For our annual conference outing, we will be heading into the wilderness on the Thunder Mountain Line!
After a long and productive day conferring over IT issues, concerns, projects and plans, it is time to relax and experience a little of Idaho’s history. Participants will be conveyed by bus from the hotel to historic Horseshoe Bend where they will board a historic chartered train for DISC attendees.
The train route is on the Old Wagon Road to the settlement of Banks.
Enjoy the fresh mountain air and enjoy dinner while you converse and take in the mountains and the scenic Payette River.
At the conclusion of the train ride, participants will be transported back to their hotel.

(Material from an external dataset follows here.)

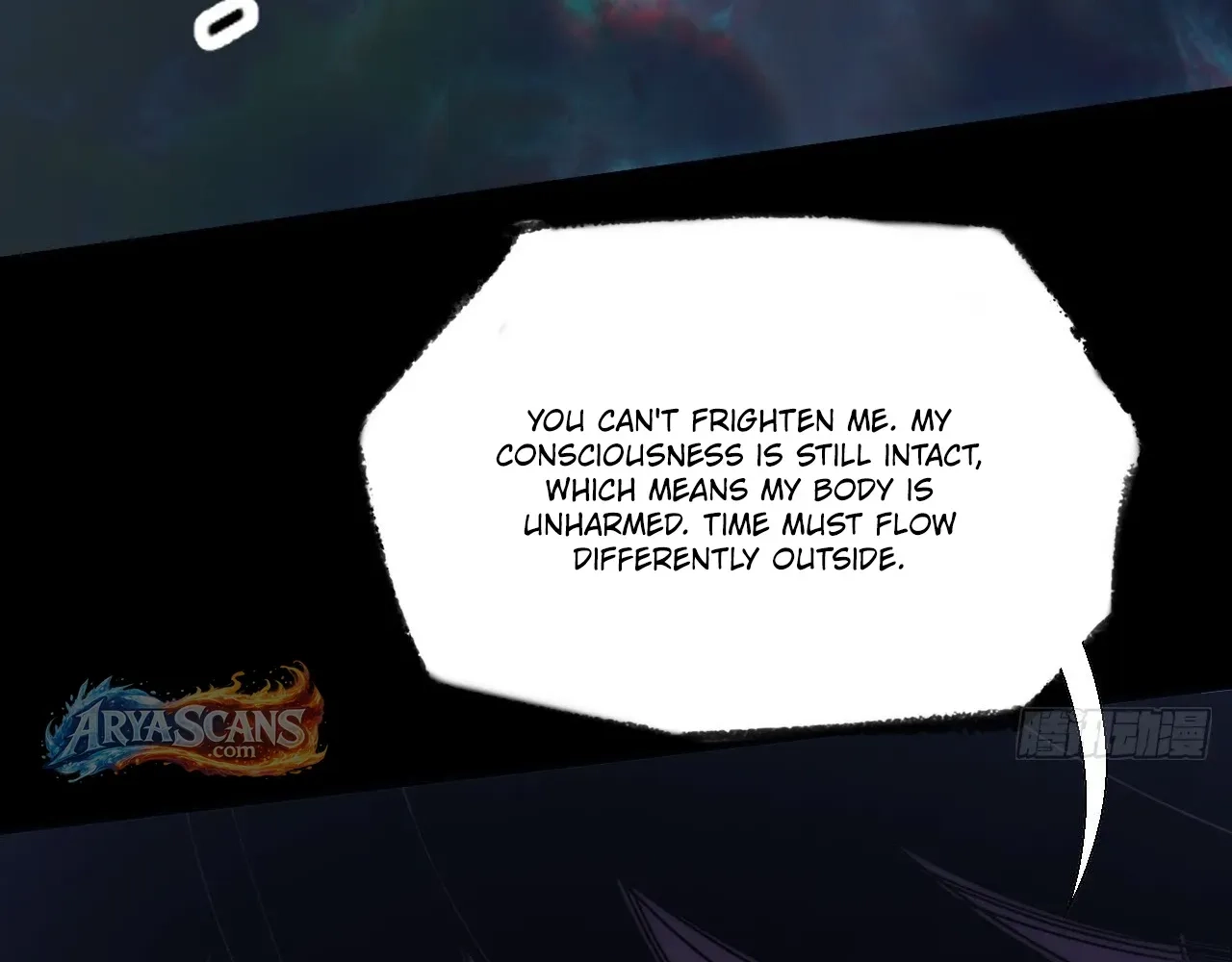 Read Sinister Immortal Path chapter 97 image 86 on Lezhin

Brief History of Thunder Mountain Line
The Thunder Mountain Line dates back to more than a century ago. The prospects for the railroad were originally to serve the Thunder Mountain Mining District, which was full of gold and ore. The current roads could not handle the incoming freight for these areas. Prospectors were filling the Long Valley area as mining districts and camps were forming. Gold fever soon spread and an entrepreneur named Colonel W. Dewey formed a railroad syndicate due to the suspected wealth in the areas.
The railroad was built to Smiths Ferry on July 10, 1913 and an inaugural run was made in August 1913 and regular service began later that month from Nampa. The railroad was completed on July 1914 with regular service beginning to McCall on Mondays, Wednesdays, and Fridays. The trains were mixed with freight, mail, and passengers. Many people were excited to have access to the mountain lakes and rivers for their vacations.
Small towns and depots were established along the railroad tracks to support the local timber industry. Smaller logging railroads reached into the rich timber valleys and connected with Idaho Northern’s main line. The Union Pacific operated this branch line as part of their Oregon Short Line Division until the Idaho Northern and Pacific Railroad purchased the railroad in 1993. Until recently, the railroad had continued to be supported by the timber industry.